§ **What you need to do**
The response should consist of the data below, copied exactly, with no pictures in it.

§ **Dataset excerpt**
.....

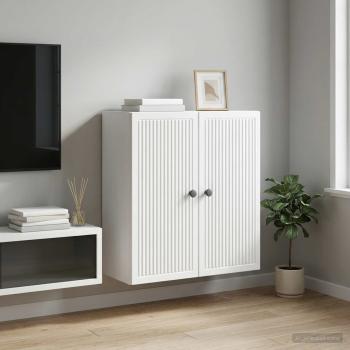 ARDEBO.de - Wandschrank Weiß 59 x 31 x 60 cm Holzwerkstoff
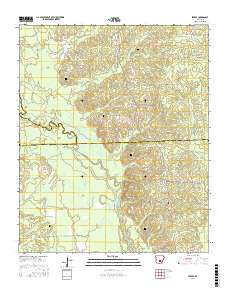 Staves 2017 topographic map thumbnail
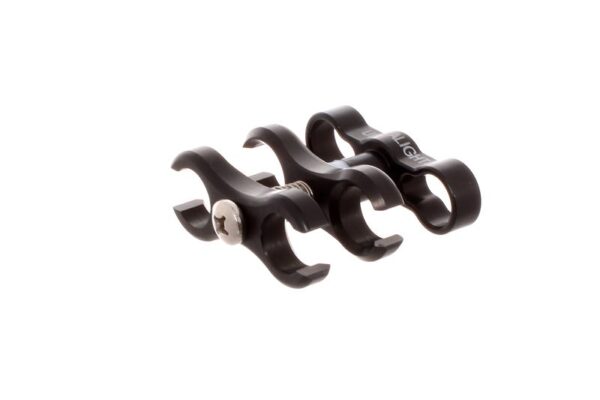 ultralight AC-CSSK2 black double cutout clamp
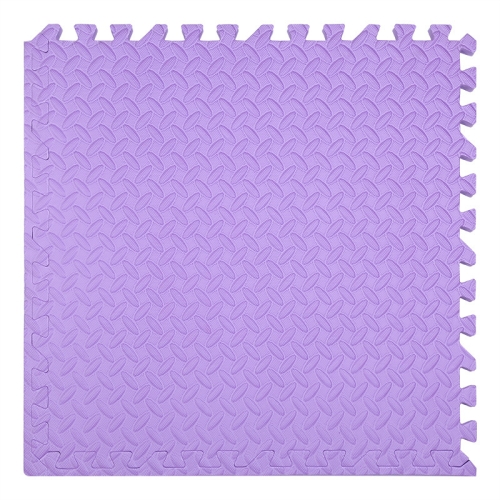 

10 PCS Household Children Bedroom Stitching Leaf Pattern Thick Foam Crawling Mat, Size: 30x1.0cm(Purple)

.....

§ **Result below**
 ARDEBO.de - Wandschrank Weiß 59 x 31 x 60 cm Holzwerkstoff
 Staves 2017 topographic map thumbnail
 ultralight AC-CSSK2 black double cutout clamp

10 PCS Household Children Bedroom Stitching Leaf Pattern Thick Foam Crawling Mat, Size: 30x1.0cm(Purple)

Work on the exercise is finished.